_WORK REQUEST_
Without the pictures, output the records below exactly as they are.

_DATA EXTRACTS_
*****

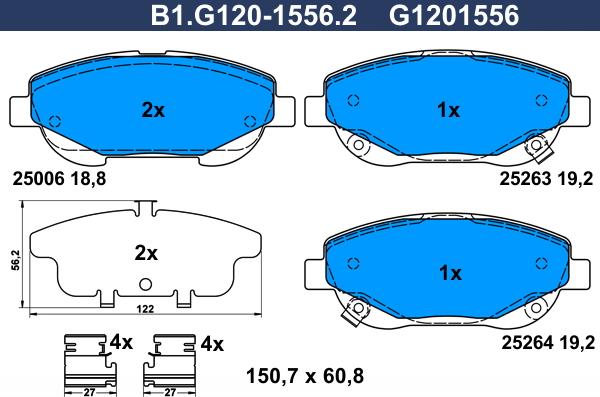 Galfer B1.G120-1556.2 - Гальмівні колодки, дискові гальма autocars.com.ua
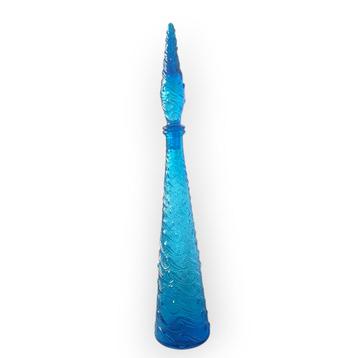 Vintage blauwe genie bottle Empoli golven patroon h 58 cm  beschikbaar voor biedingen
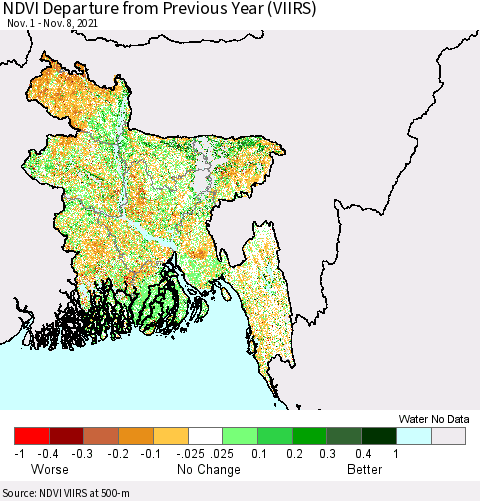 Bangladesh NDVI Departure from Previous Year (VIIRS) Thematic Map For 11/1/2021 - 11/8/2021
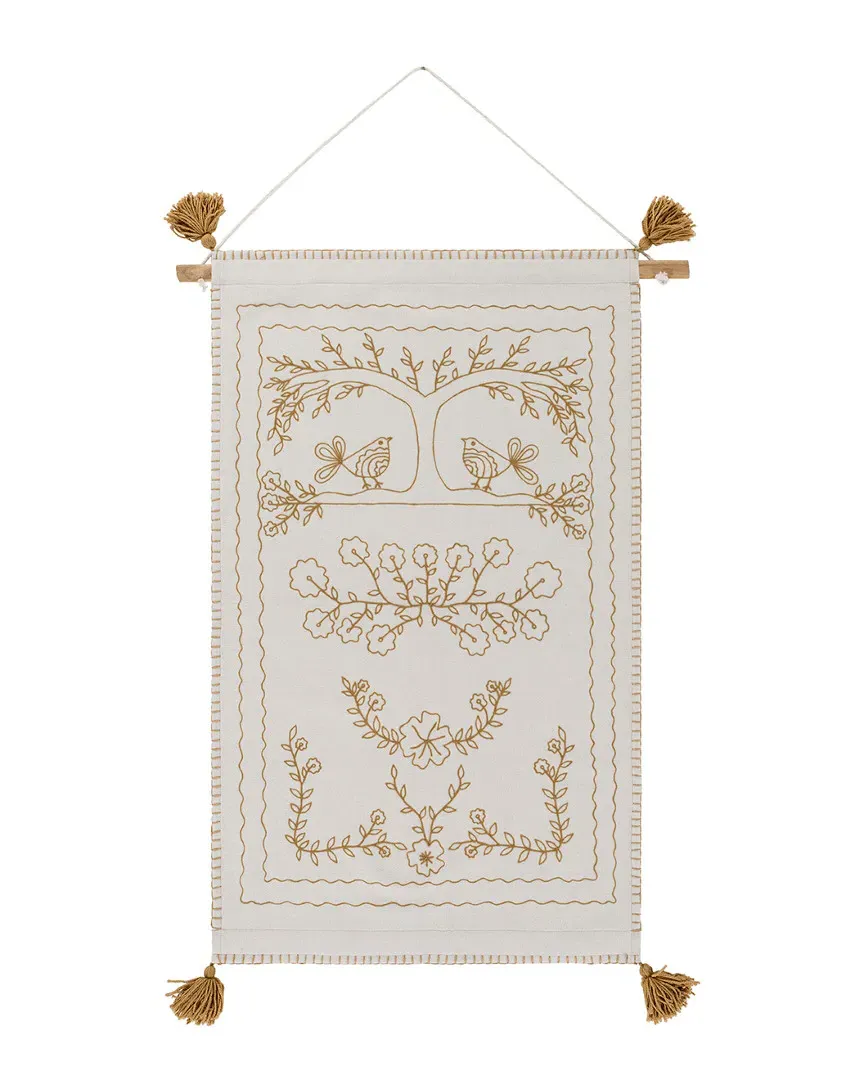 Surya Folk Tale Wall Decoration - White, Wool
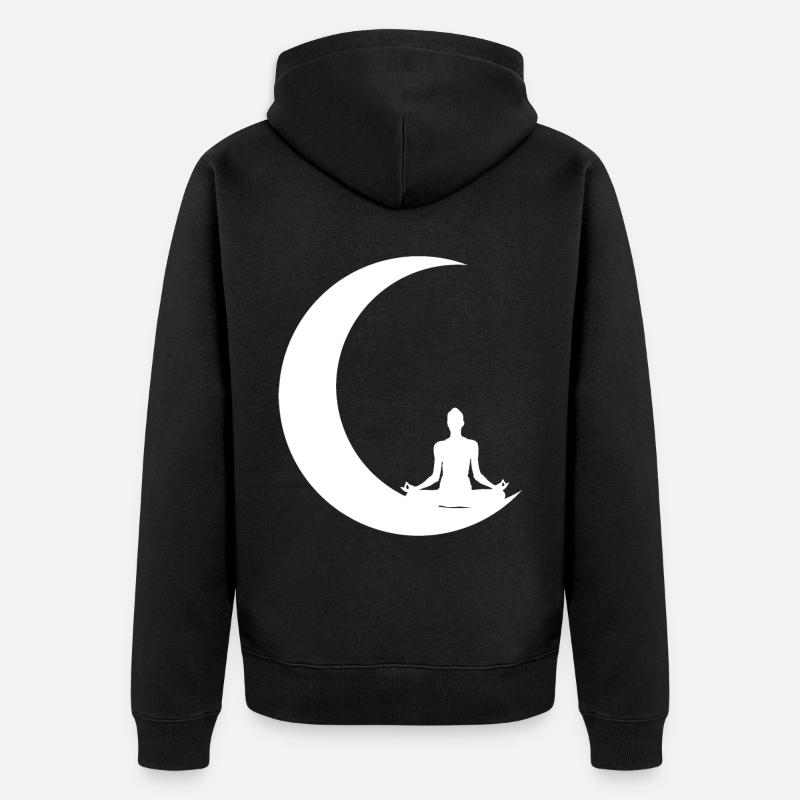 Crescent Moon - Yoga - - Veste à capuche bio Premium Unisexe - noir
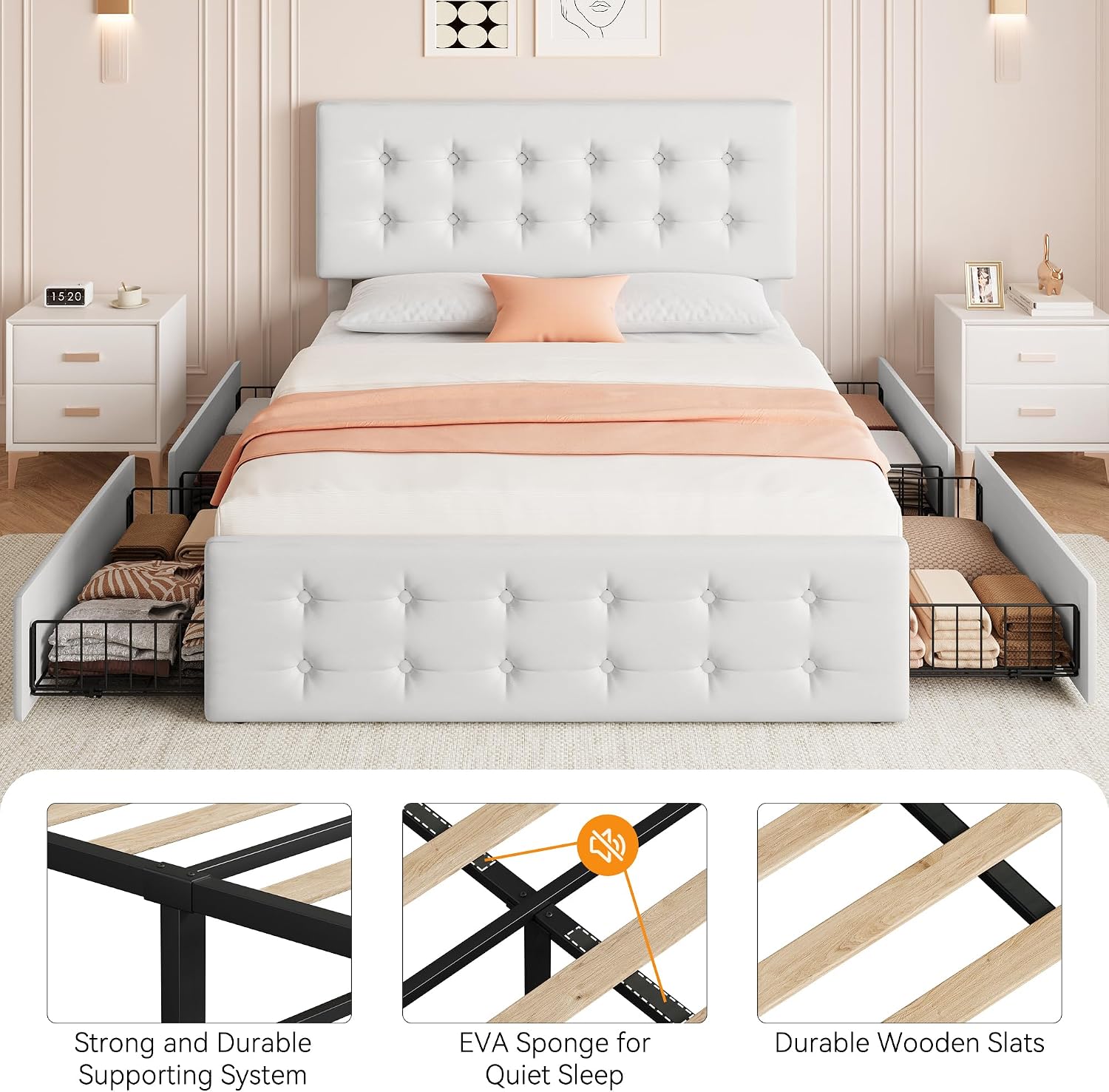 IDEALHOUSE Queen Size Bed Frame with 4 Storage Drawers and Headboard, Faux Leather Upholstered Platform Bed Frame with Wooden Slats Support, Button Tufted Design, No Box Spring Needed, White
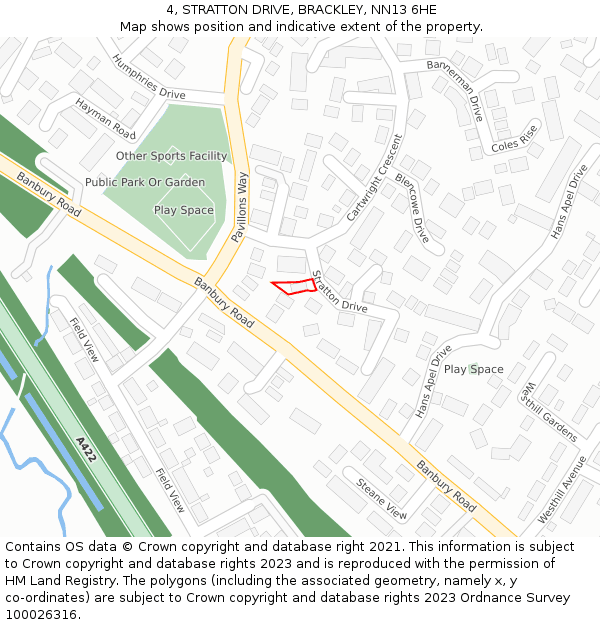 4, STRATTON DRIVE, BRACKLEY, NN13 6HE: Location map and indicative extent of plot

*****

_ANSWER BOX_
 Galfer B1.G120-1556.2 - Гальмівні колодки, дискові гальма autocars.com.ua
 Vintage blauwe genie bottle Empoli golven patroon h 58 cm  beschikbaar voor biedingen
 Bangladesh NDVI Departure from Previous Year (VIIRS) Thematic Map For 11/1/2021 - 11/8/2021
 Surya Folk Tale Wall Decoration - White, Wool
 Crescent Moon - Yoga - - Veste à capuche bio Premium Unisexe - noir
 IDEALHOUSE Queen Size Bed Frame with 4 Storage Drawers and Headboard, Faux Leather Upholstered Platform Bed Frame with Wooden Slats Support, Button Tufted Design, No Box Spring Needed, White
 4, STRATTON DRIVE, BRACKLEY, NN13 6HE: Location map and indicative extent of plot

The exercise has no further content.